Fizzy and buzzy makes it all go fuzzy

There are few sights in the City quite so glorious as seeing Freshfields corporate boss Tim Jones holding court.

The rugby-playing M&A supremo – the personification of the ‘work hard, play hard’ ethos – was recently spied in a bar by one of Tulkinghorn’s scribes regaling a number of friends and colleagues with his particular take on life.

In fact, Jones was delighted there was a hack present because he was ultra-keen to put something on the record. As such, Tulkinghorn is happy to oblige and report that, according to Jones, “Fizz Buzz is the ultimate indicator of a person’s intellectual capability”.

“Fizz what?” Tulkinghorn hears you cry. Well, in case you weren’t aware, this is a drinking game.

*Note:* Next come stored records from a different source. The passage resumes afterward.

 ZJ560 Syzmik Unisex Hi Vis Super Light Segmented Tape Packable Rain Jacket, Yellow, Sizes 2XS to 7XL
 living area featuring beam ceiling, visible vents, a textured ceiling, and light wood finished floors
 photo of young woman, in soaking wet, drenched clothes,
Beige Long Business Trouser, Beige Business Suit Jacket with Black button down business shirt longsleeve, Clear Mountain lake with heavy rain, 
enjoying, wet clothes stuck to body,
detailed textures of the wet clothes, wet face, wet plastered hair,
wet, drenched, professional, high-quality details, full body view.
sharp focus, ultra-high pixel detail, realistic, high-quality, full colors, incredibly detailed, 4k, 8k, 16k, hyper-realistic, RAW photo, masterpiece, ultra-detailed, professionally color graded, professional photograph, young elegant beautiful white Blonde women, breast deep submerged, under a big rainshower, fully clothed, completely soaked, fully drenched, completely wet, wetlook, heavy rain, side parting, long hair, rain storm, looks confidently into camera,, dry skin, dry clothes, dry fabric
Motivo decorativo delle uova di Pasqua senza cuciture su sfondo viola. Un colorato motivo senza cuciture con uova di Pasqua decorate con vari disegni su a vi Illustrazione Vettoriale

One begins to count (one, two, three etc) and every time the value five or a
multiple thereof is reached the player substitutes it for
the word ‘fizz’. Ditto with the number seven, only this time
the substituted exclamatory remark is ‘buzz’.

In time-honoured fashion, when you get it wrong you drink a finger.

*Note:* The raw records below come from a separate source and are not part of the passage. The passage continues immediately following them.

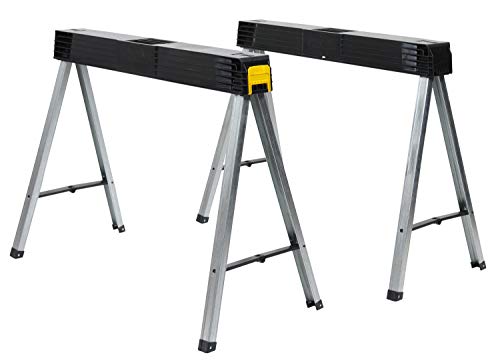 STANLEY Folding Work Bench Saw Horse Twin Pack, Heavy Duty Metal Leg with Side Latch, 1-97-475 Stanley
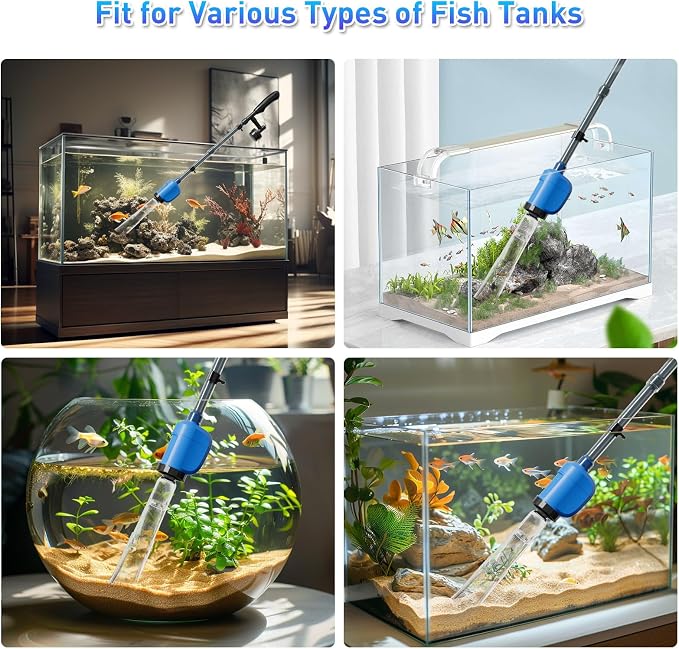 6-in-1 Electric Aquarium Gravel Cleaner, 530GPH Fish Tank Vacuum Cleaner with Upgraded Extended Sand Washer Cup, Water Changer, Debris Remover & Circulation Pump, Quiet 32W Pump for Freshwater Tanks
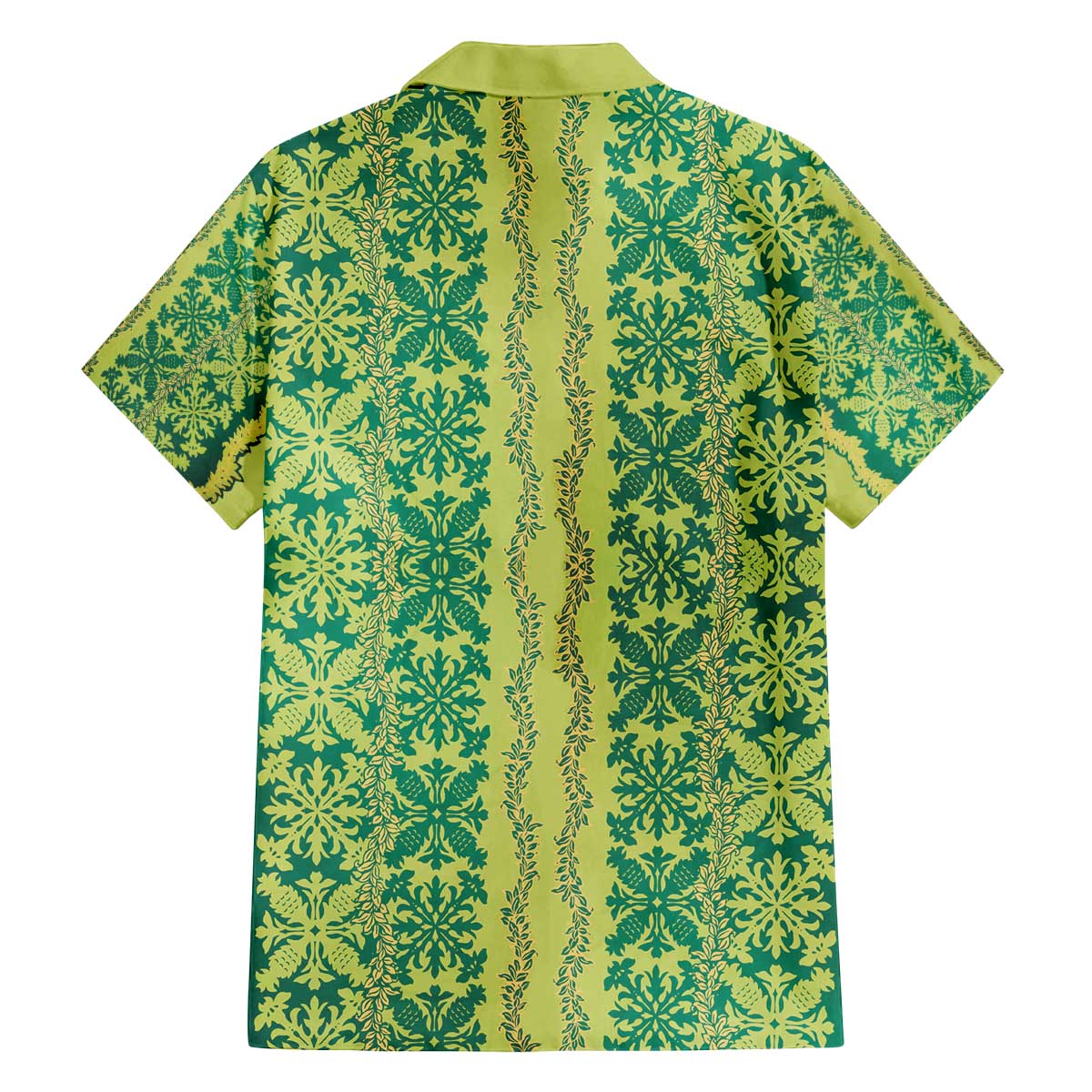 Hawaii Lei with Tribal Quilt Motif Family Matching Off The Shoulder Long Sleeve Dress and Hawaiian Shirt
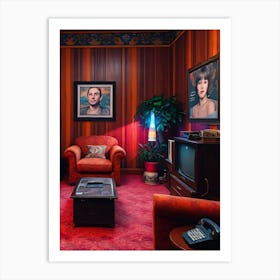 Retro Room With Red Carpet Art Print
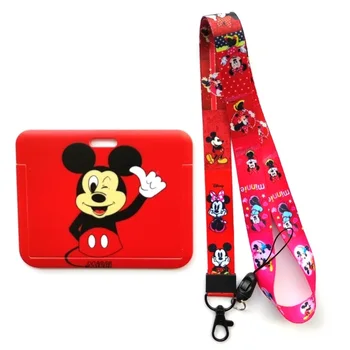 Minnie do Mickey de Disney Bonito IDENTIFICAÇÃO dos Portadores de Cartão com Frio Pescoço Cordões de Crachá de IDENTIFICAÇÃO do Titular ,o Cartão de IDENTIFICAÇÃO da Chave Carteira para Adolescentes Enfermeira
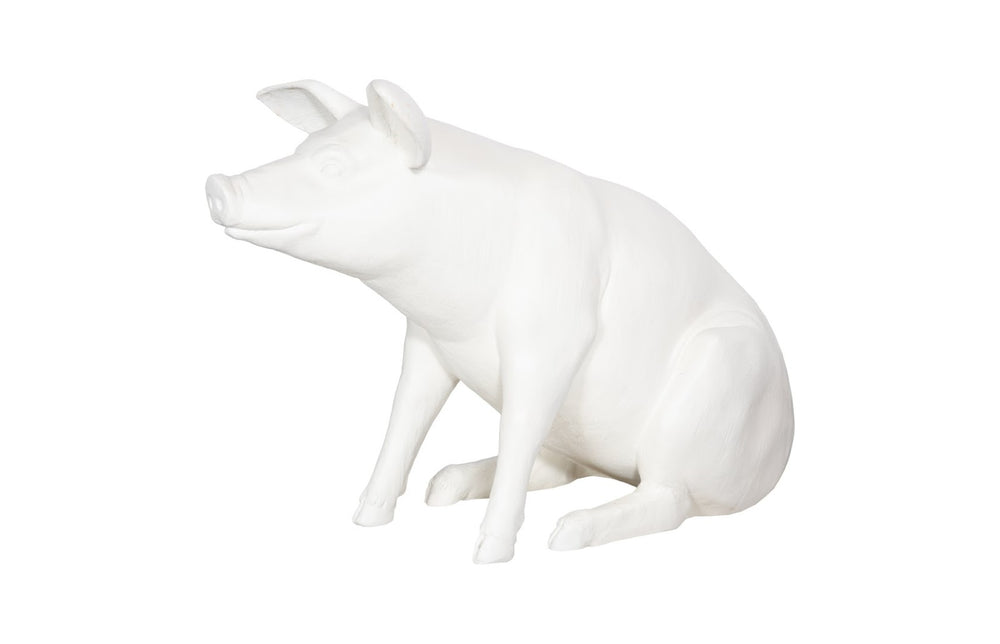 Phillips Collection Happy Pig Sculpture - Handcrafted Matte White Art Piece For Playful Home Decor & Garden Charm Off White Resin Ph59611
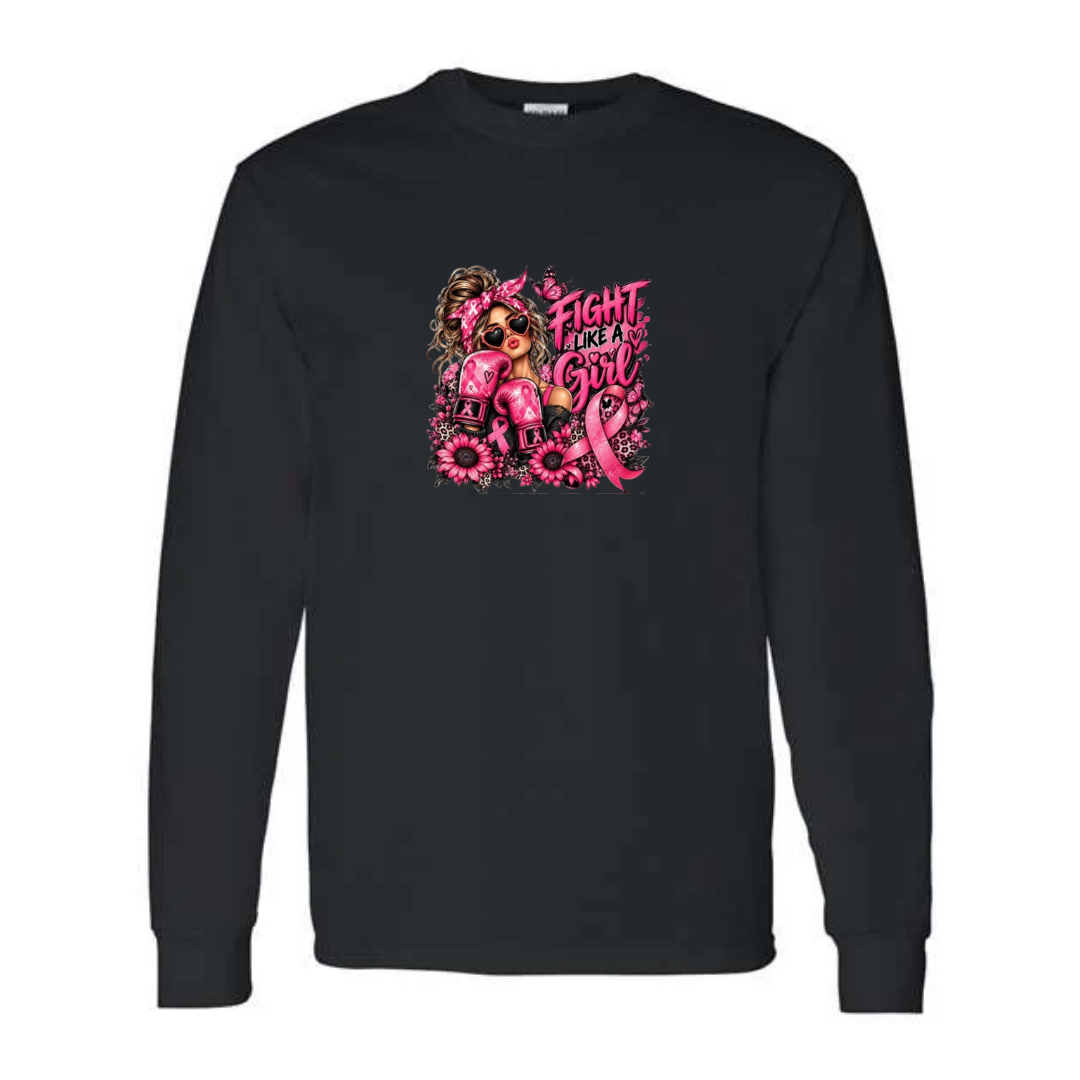 Fight Like A Girl — Boxing Gloves design on black long sleeve tee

In short order two things became abundantly clear: Jones had played before and several of his gang hadn’t.

“Just say ‘buzz’!” the exasperated Freshfields corporate
head was heard to cry.

Still, honour for the denizens of these pages was upheld when Tulkinghorn’s hack found herself on 49 and yelled: “Buzz squared.”
“You’ve restored my faith in the Fourth Estate,” was Jones’s
gracious response.
Frankly, Tulkinghorn is astounded that the assembled masses made it as high as 49.